Янна – сертифицированный тренер Всемирной организации здравоохранения (ВОЗ), арт-терапевт, специалист по метафорическому подходу в психологии.
– Война застала меня в Киеве. Вместе с дочерью мы, как и многие наши соотечественники, прошли через начальный шок побега. Когда же немного пришли в себя, я, понимая, что многие переживают тоже самое, задала себе вопрос: как могу помочь другим? И сейчас я поддерживаю украинцев в их борьбе с психологическими травмами.
– С какими главными сложностями вы сталкиваетесь в работе?
– Поскольку я тоже ощутила на себе специфический эффект беженца, то особых проблем и работы практически и не ощущаю. Иногда тяжело бывает эмоционально, ведь нужно отдавать немало собственной энергии. Вместе с тем, когда вижу, как после терапии человеку становится легче, наблюдаю положительную динамику его состояния, то и самой на душе становится легче.
Одна из таких историй – это история 17 девушки, назовем ее Татьяной, которую ко мне на консультацию привели родители.
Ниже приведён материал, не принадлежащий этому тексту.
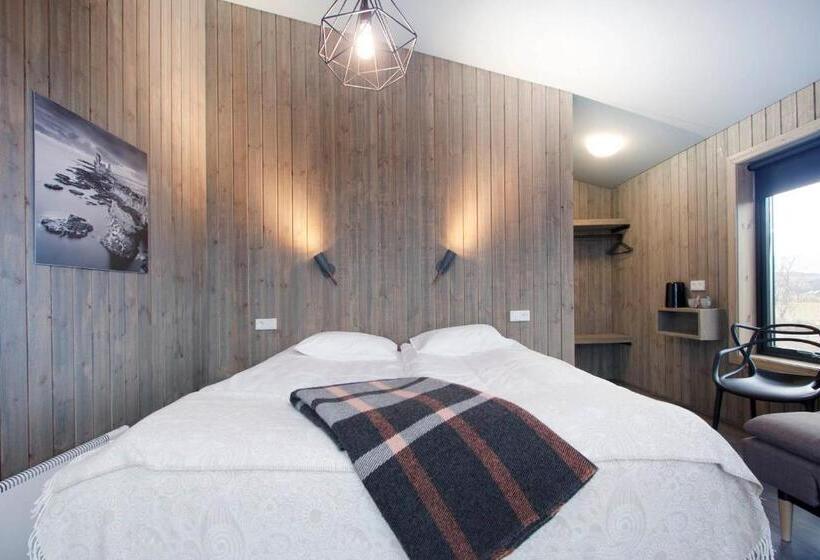 اتاق استاندارد, Arnarstapi Cottages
Девушка полностью закрылась в себе, почти не выходила из своей комнаты, не разговаривала, интересовалась только рисованием. Молчала Татьяна и на первых сеансах.
Тогда я предложила ей те эмоции, которые она испытывает, нарисовать. Попытаться передать свое настроение, образы и символы, которые она видит в своем представлении, на бумаге. И это сработало!
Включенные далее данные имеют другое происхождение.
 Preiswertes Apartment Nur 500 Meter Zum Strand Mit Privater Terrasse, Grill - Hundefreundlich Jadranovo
Девушка постепенно начала открываться. А через полтора месяца терапии стала уже довольно эмоционально рассказывать о своих переживаниях, об одиночестве и неуверенности, вызванных войной и переездом. Спустя еще некоторое время произошла еще большая трансформация, и из молчаливой, подавленной девушки Татьяна превратилась в уверенную личность, которая уже строила планы на обучение в вузе.
– Как бы вы определили основные психологические проблемы, с которыми сталкиваются беженцы?
– В первую очередь это чувство потери, вины, заброшенности, депрессия, панические атаки. Нередко эти негативные явления усиливаются семейными конфликтами или даже расстройствами пищевого поведения. Те, кто пережил бомбардировки а то и потерю близких, часто страдают ПТСР. Их пугают любые громкие звуки.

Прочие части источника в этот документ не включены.